*PROBLEM DETAILS:* Each line below should be set down again unchanged.

*MATERIAL PROVIDED:*
########################################
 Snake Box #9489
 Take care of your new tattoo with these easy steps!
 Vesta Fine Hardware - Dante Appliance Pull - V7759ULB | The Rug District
########################################
*THE COMPLETED TASK:*
 Snake Box #9489
 Take care of your new tattoo with these easy steps!
 Vesta Fine Hardware - Dante Appliance Pull - V7759ULB | The Rug District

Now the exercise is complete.